La loi n° 2010-737 du 1er juillet 2010, portant réforme du crédit à la
consommation, transpose les dispositions de la directive européenne
sur le Crédit à la Consommation du 23 avril 2008 (2008/48/CE) intitulée « transparence, endettement, offres de crédit et culture solidaire ».
Cette nouvelle législation transforme radicalement toute l’activité du crédit à la consommation (ce point ne sera pas abordé dans le
présent article) et modifie également en profondeur la réglementation du surendettement, en donnant de larges pouvoirs aux commissions
de surendettement et en créant de nouvelles obligations pour les créanciers et les banques.
Applicables depuis le 1er novembre 2010, ces dispositions concernant le surendettement ont pour principaux objectifs de faciliter le rebond
des personnes surendettées en raccourcissant les délais, d’accélérer le traitement des procédures de surendettement, d’améliorer les relations entre banque et débiteur surendetté et de faciliter la consultation du fichier FICP*.
Faciliter le rebond des personnes
surendettées en raccourcissant la durée
des plans et celle des délais d’inscription
au FICP
Depuis le 1er novembre 2010, la durée des plans
de surendettement est réduite de 10 à 8 ans.
Les délais d’inscription des incidents de remboursement
au fichier FICP sont réduits de 8 à
5 ans suite à une procédure de rétablissement
personnel et de 10 à 5 ans dans le cas d’un
plan de remboursement suite à une procédure
de surendettement. La réduction de ces délais
d’inscription est applicable aux personnes déjà
inscrites au FICP avant le 1er novembre 2010.
Ainsi les pouvoirs publics estiment qu’environ
120 000 personnes inscrites au FICP au titre
du surendettement ont été radiées depuis le
1er novembre 2010.
Accélérer les procédures de surendettement
• Raccourcissement de 6 à 3 mois du délai dont dispose la Banque de France pour décider de l’orientation d’un dossier de surendettement.
• Suspension automatique des voies d’exécution contre les biens des débiteurs dès la recevabilité du dossier de surendettement (et même dès le dépôt du dossier si la commission considère qu’il y a une urgence particulière).
• Faculté pour la commission de saisir le juge d’une demande de suspension des poursuites dès le dépôt du dossier si la situation du débiteur le justifie.
• Pouvoir donné aux commissions de surendettement pour recommander au juge des mesures d’effacement total ou partiel de dette en cas d’insuffisance d’actifs. Objectif affiché : permettre de diviser par trois la durée de 95 % des procédures de rétablissement personnel en ramenant le délai moyen de traitement de 18 à 6 mois ; dans les faits, il s’agit de la création d’une procédure de rétablissement personnel sans liquidation judiciaire.
• Possibilité pour la commission, et en cas d’urgence
pour le débiteur lui-même, de saisir le
juge afin de prononcer la suspension des procédures
d’expulsion du logement.
Améliorer les relations entre les banques
et leurs clients surendettés
• Les banques qui assurent la tenue du compte bancaire de personnes surendettées ainsi que les créanciers ne seront informés du dépôt du dossier devant la commission qu’à la date à laquelle sa recevabilité est prononcée.

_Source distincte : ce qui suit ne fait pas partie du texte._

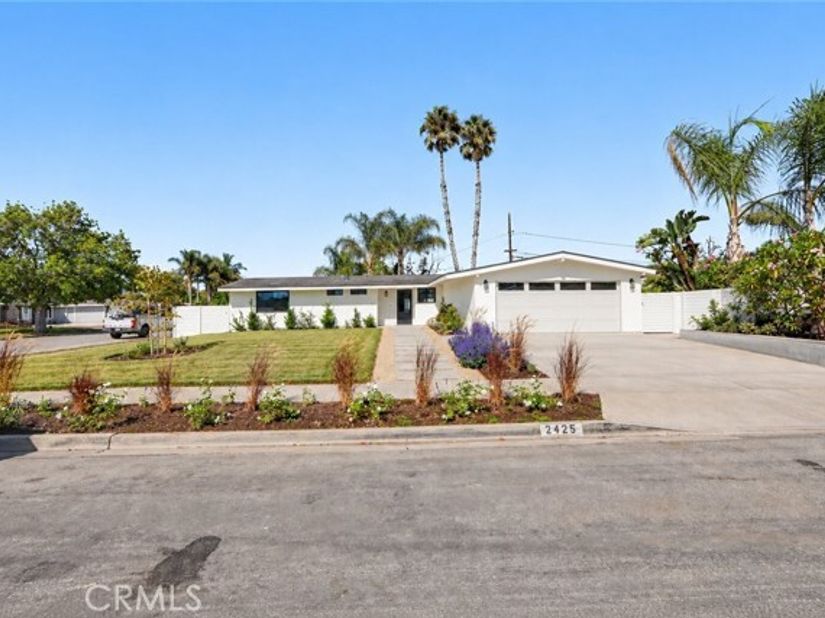 2425 Bowdoin, Costa Mesa CA 92626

• Obligation pour les banques ayant octroyé un découvert de prendre les dispositions nécessaires pour garantir le respect de la règle de non-paiement des dettes antérieures.

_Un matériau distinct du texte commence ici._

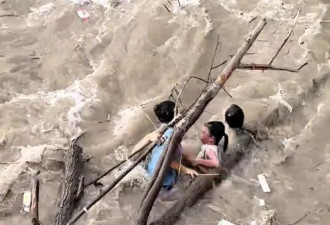 杭州4人被潮水卷走！路人狂喊“抓树枝”！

• Le non-respect de ce principe de non-remboursement direct des dettes antérieures sera sanctionné par une nullité prononcée par le
juge.
• Interdiction pour les banques de prélever des frais liés au rejet de prélèvement initié par un créancier en violation du principe de nonpaiement des dettes antérieures à la procédure.
• Obligation aux banques, au moment du dépôt d’un dossier de surendettement, d’assurer la continuité du compte bancaire de la personne surendettée.
• Obligation pour la banque de proposer au client surendetté des
services bancaires (et notamment des moyens de paiement) adaptés à sa situation.
Renforcer les droits des personnes
inscrites au fichier FICP
Un droit d’accès à distance aux informations FICP est créé : chaque citoyen pourra interroger à distance la Banque de France pour savoir
s’il est inscrit au fichier et, dans l’affirmative, connaître la durée de son inscription.
Interdiction est faite aux banques d’utiliser le fichier FICP à des fins commerciales.
Les professionnels devront être vigilants sur l’application de ces nouvelles règles qui donnent de nouveaux droits aux débiteurs surendettés.
* Le Fichier national des Incidents de remboursement des Crédits aux Particuliers stipulé à l’article L333-4 du Code de la consommation est « un fichier national qui recense toutes les informations concernant les incidents de paiement caractérisés liés aux crédits accordés aux personnes physiques pour des besoins non professionnels”.